Posted on 02/21/2003 3:04:32 PM PST by Willie Green

For education and discussion only. Not for commercial use.

MESA, Ariz. -- To understand how we might bolster our national security aside from invading Iraq, I'm on a General Motors test track here in Arizona, driving the coolest car you've never seen.

It's called Hy-wire, and it's a one-of-a-kind prototype: a four-door sedan fueled by hydrogen, capable of speeds of 100 miles an hour, whisper-quiet, and emitting no pollution at all — only water vapor as exhaust. It looks like a spaceship, with glass all around and no pedals or steering wheel.

Jeff Wolak, the engineer who travels with Hy-wire and mothers it, explained that it is drive-by-wire, controlled by electronics and computers rather than cables and hydraulics. To accelerate, you rotate the handgrips. To steer, you move the grips up or down.

Then Mr. Wolak tells me to drive the $5 million prototype. He is in the passenger seat and picks up what looks like a computer game console that he rests on his lap.

"It's a second set of controls with an emergency brake," he explains brightly. "We only have one of these vehicles, and we don't want to risk it getting in a crash."

And he hadn't even seen me drive.

On the vast track, the Hy-wire zipped about flawlessly. It turns sharply, brakes smoothly and accelerates easily — all almost noiselessly. It's all you would expect of a $5 million car.

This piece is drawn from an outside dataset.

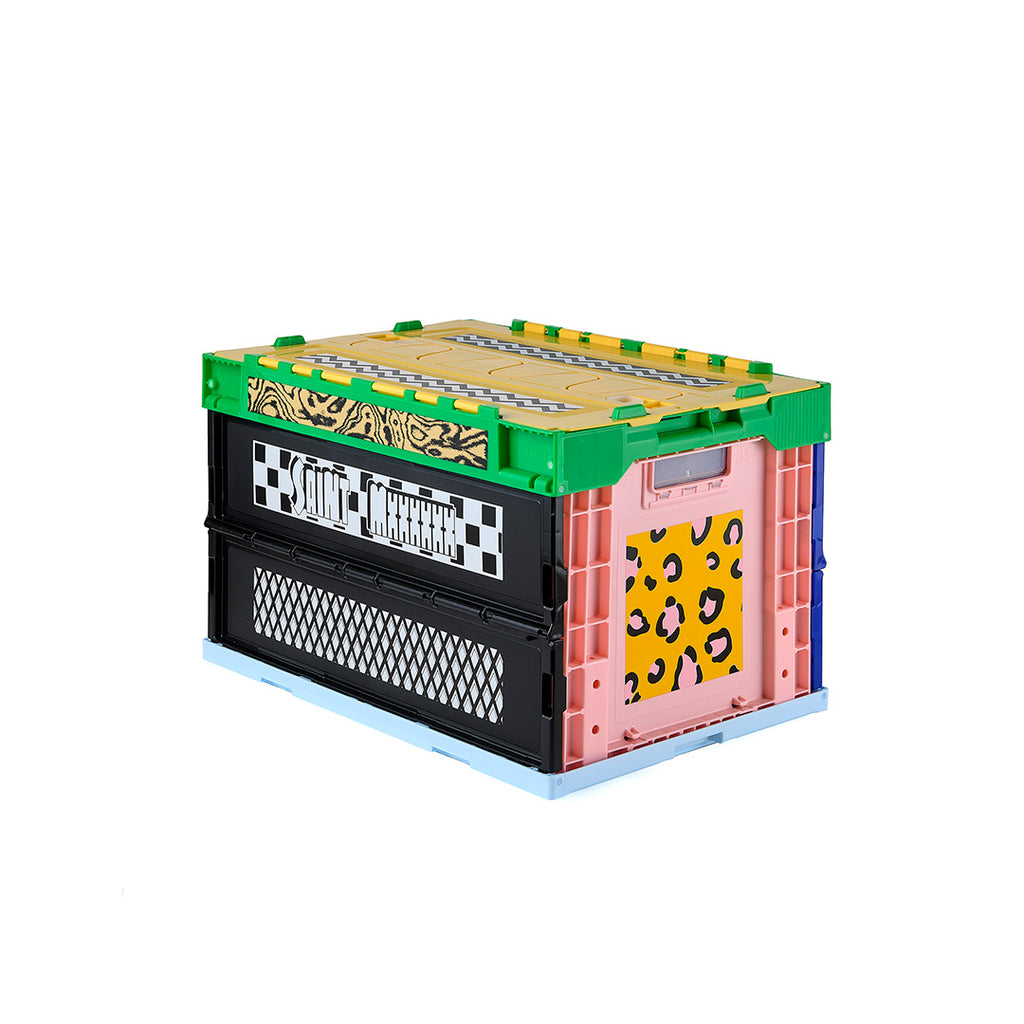 SM-HR8-0000-085/BOX/MULTI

And if a driver crosses to England, he could press a button and the driving controls would whirr over to the right front seat.

Likewise, each driver of a family car could have a different steering mechanism. "It could be a joystick for the 20-something generation who are used to computer games, or a steering wheel for the older set used to a Cadillac," said Timothy Perzanowski, a G.M. engineer.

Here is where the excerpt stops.